══ Data extract
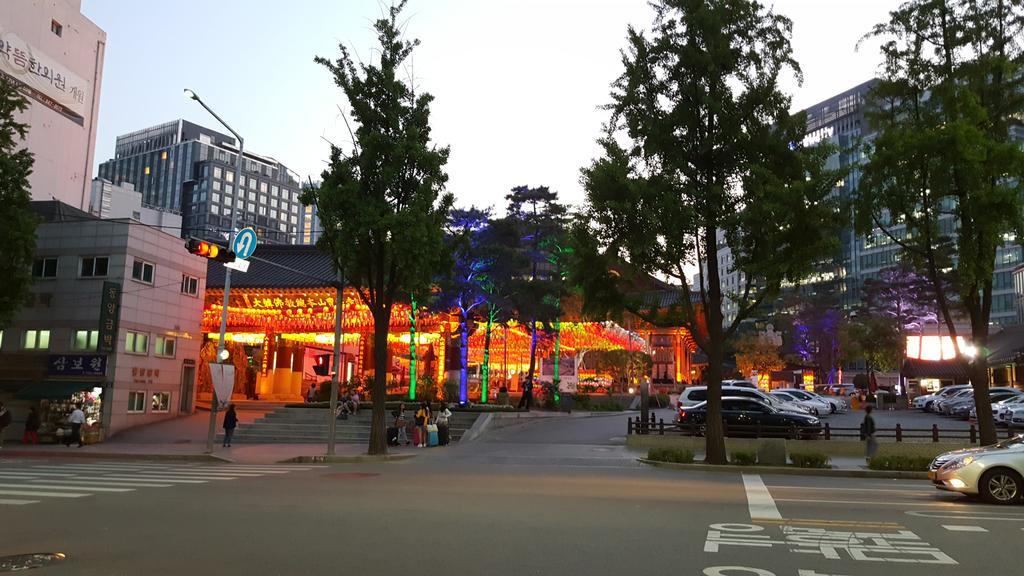 Hue Hanok 2*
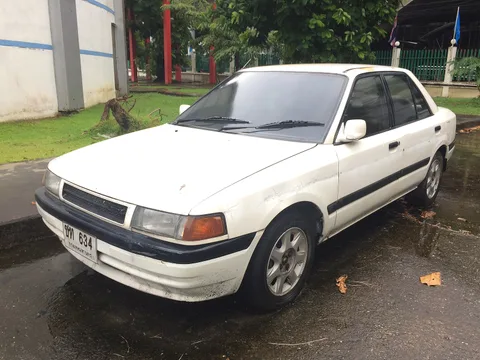 Mazda 323 (BG)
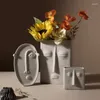 Vase Nordic Creative Ceramic Face Vase美的デザインルーム装飾リビングルームポーチフラワーアレンジメント豪華な装飾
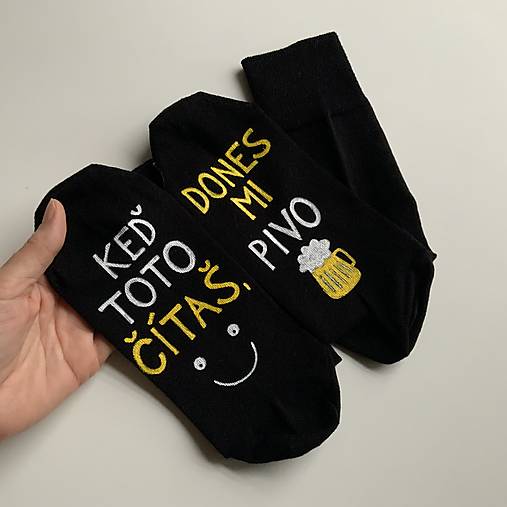 Maľované ponožky pre milovníka piva (tmavomodré - SK verzia)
════
Exercise requirements:
Word for word, return the material, omitting the pictures.

Exercise answer:
 Hue Hanok 2*
 Mazda 323 (BG)
 Vase Nordic Creative Ceramic Face Vase美的デザインルーム装飾リビングルームポーチフラワーアレンジメント豪華な装飾
 Maľované ponožky pre milovníka piva (tmavomodré - SK verzia)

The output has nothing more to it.